Since I was hoping to remove oil all together, partly because I don't trust oil boilers to work well if they aren't run frequently and partly because home heating oil is pushing $5 a gallon here in MA and it would be heating my hot water in the summer.  I was thinking installing a pellet boiler and also an electric boiler to call my primary system (even though I would only use it for domestic hot water in the summer and when I'm on vacation in the winter).  Is that a good option?  If I did this, should I keep the "BoilerMate" for hot water and let the electric boiler fill it during the summer and the pellet in winter?  Would this be efficient.  Are there better options besides this setup?

I'm o.k. spending 10 to 15K(max), but I want a design that is as efficient and saves me money.  Does anyone have similar situations where you can tell me what you have done?

Any advice would be great!  Thanks.


----------



## SmokeEater (Apr 11, 2012)

Mtbikerj, I just installed a PB 105 Harman pellet boiler to heat my 30 year old cape.  I can't give you much good data because  I just fired up in late Feb of this year, but I am heating 2 floors, the basement, and the DHW with pellets.  I don't have the radiant on the main floor completed and a lot of the heat is going into the basement.  In fact the temps down there look like they're averaging 74 F when the main floor thermostat is set a 71.  The Harman can hold 5 bags of pellets in its hopper and even though I don't have the conduction plates all installed and have no reflective insulation yet, I'm using and average of 2.2 bags per day since first fire.  I had a hot air furnace in the cape and it was fired by wood and oil.  If oil only was used to heat the home, I'd go through about 200 gallons per month.  Translates to about $300 for heat and hot water with the pellet boiler and $800 per month for just heat with the old hot air furnace on oil.  I do now think that that old hot air furnace was very inefficient.  Though the time between Feb and now has been unusually warm, I think that the pellet boiler will be saving a good amount of heating expenses over the old system.  Be aware though that this boiler is not a fill and forget.  It requires a 15 minute weekly scraping and cleaning and will require a good cleaning at the end of the season.


----------



## maple1 (Apr 11, 2012)

I would consider kicking the oil to the curb, and replacing with an electric boiler (mainly for backup heat), an electric water heater (insulate the crap out of it), and a pellet or wood stove.
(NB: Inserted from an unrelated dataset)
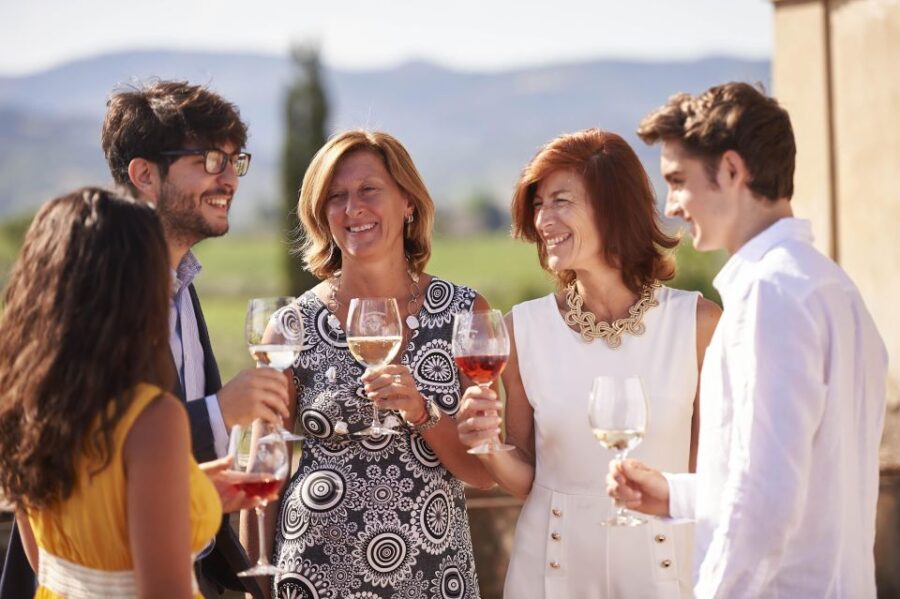 Florence, Chianti Wine Tasting & Tour, Medici Villa - Exploring the Historic Cellars and the Orciaia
You should have enough money left over in your budget for a mini split heat pump too - the electric boiler & water heater should total no more than $2500 or so. That's without knowing a whole lot about your house layout, aside from that it's small.


----------



## mtbikerj (Apr 11, 2012)

SmokeEater,  thanks for the data.  How are you heating you hot water?  Will you fire the harman all summer or do you have something else there?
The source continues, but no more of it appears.